Tuesday, September 14, 2010

The Scotsman

In the late 1950s, Studebaker was living on borrowed time. Studebaker (soon to be Studebaker-Packard) had had a fairly good run, had stayed the course, had lost the battle with the "Big Three" automakers in the U.S.

In one of its last horrifying wheezing death gasps (Avanti was the very last) Studebaker came out, in 1957, with the Studebaker Scotsman. The insultingly named Scotsman was meant to undercut the Big Three cars (of GM, Ford, and Chrysler) and attempt to gain the auto business of....mmmm... the unemployed? Of the FRUGAL I mean. Scotsman, get it? The Scotsman was a stripped down (WAY down) version of Studebaker's allegedly-popular Champion, and it came with a 185 cubic-inch 6-banger that belted out a whopping 101 horsepower, or so Studebaker said in their print ads. This, I'm thinking, was probably enough to catapult the Scotsman from 0-60 in probably 7 or 8 minutes flat, or thereabouts.

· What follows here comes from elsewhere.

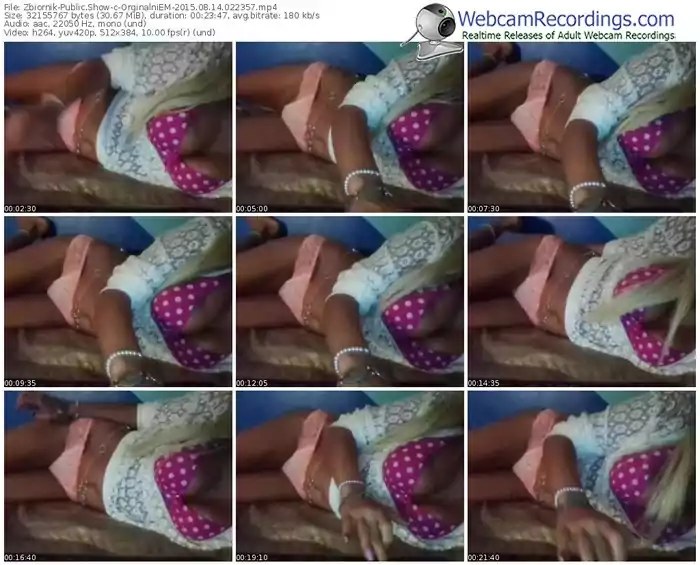 zbiornik-orginalniem-public-show-08_14_2015-02_23_57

The Scotsman came with no frills. It didn't even have chrome except for the bumpers. The trim was removed or painted over. It cost $1,776 in 1957. That's about £30, more or less, if you are REALLY a Scotsman. Well, probably more than that.

Did I say NO frills? I lie: you could choose among blah red, sorrow blue or battleship gray. Over the next 3 years, Studebaker sold about 61 of them. Oh, I'm lying again!

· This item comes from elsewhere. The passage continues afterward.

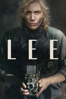 Lee - Ellen Kuras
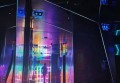 boss招聘销售幽默文案（招募销售高手，让笑声与业绩齐飞！）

Technically, Studebaker limped on until 1966. It had moved to Canada and was using Chevrolet engines. It died in Hamilton that year. R.I.P.

Anyone care to hazard a guess what a rare (3-year run) mint-condition blah red Scotsman would fetch on on today's collector's market?

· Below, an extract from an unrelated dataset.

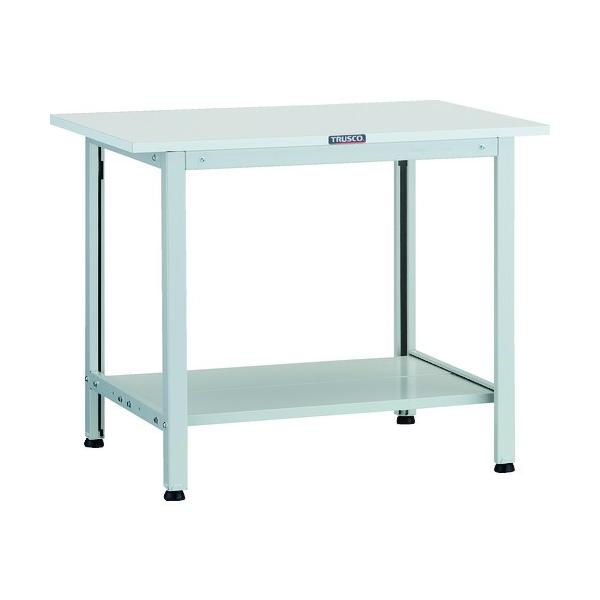 (i)TRUSCO AO^yʍƑ 900X600 I2t AO-0960LT2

There are no mint Scotsman(s) Scotsmen? and never were. Additionally, the sole collector died in 1997.

Oh! I'm lying again! Take me away!


  1. I don't wish to appear lacking in trust or anything, but I did feel the urge to find out more. And it's true! They even had painted cardboard interiors. Well I never. Who'd have thought I'd find a car interesting.

  2. I'm confused. What was the point of this?

  3. You are lying on several points of course. I'd never heard of it, but it was apparently quite successful.

    Not enough, however, to keep Studebaker afloat.

  4. I remember when cars were - in the immortal words of the B52s - "as big as a whale." That was in the 60s, but still. And no seat belts, either. It was almost like being on another planet, compared to now, really...

  5. I saw one of these the other day, I swear. It was being driven by a Yorkshireman.

  6. This would be to Studebaker what the Edsel was to Ford, then?

    That Sheila's obviously lying. We Yorkshiremen like value for our money, that's not the same as "cheap". So if she thinks she saw a Yorkshireman driving one, it was probably a Lancastrian, in disguise.

  7. @A. - How could you not believe me when I posted an actual picture?

    @Adullamite - Me too!

    @Stephanie Barr - Point? I don't know. I just blog for fun, really.

    @Lidian - It was probably fun to parallel park. :)

    @Sheila - Are Yorkshiremen thrifty, too? I didn't know that reputation. I'd only heard about the bad fish and chips. Wait, that's the county next door.

    @Jeff King - Hi Jeff. Amazing cars then. Like Lidian says, a different planet almost.

    @Soubriquet - I have a feeling Edsel sold more cars in their worst year than Studebaker did counting ALL their car ines. :) There was nothing wrong with the Edsel, btw, just that people didn't like its futuristic styling. At least it was as reliable as any Ford. Studebaker? Ehhh. I think "cheap" really describes this car.

  8. I looked up Studebakers. They are pretty much unknown over here. It seems they fell out of the ugly tree and hit every branch on the way down.
    Nevertheless, they have their admirers. One of the nastiest cars I've ever seen is the Studebaker Avanti.
    It has a crowd of adoring followers. Amazing. Raymond Loewy, um. Well he was a very clever man with a talent for designing ugly things.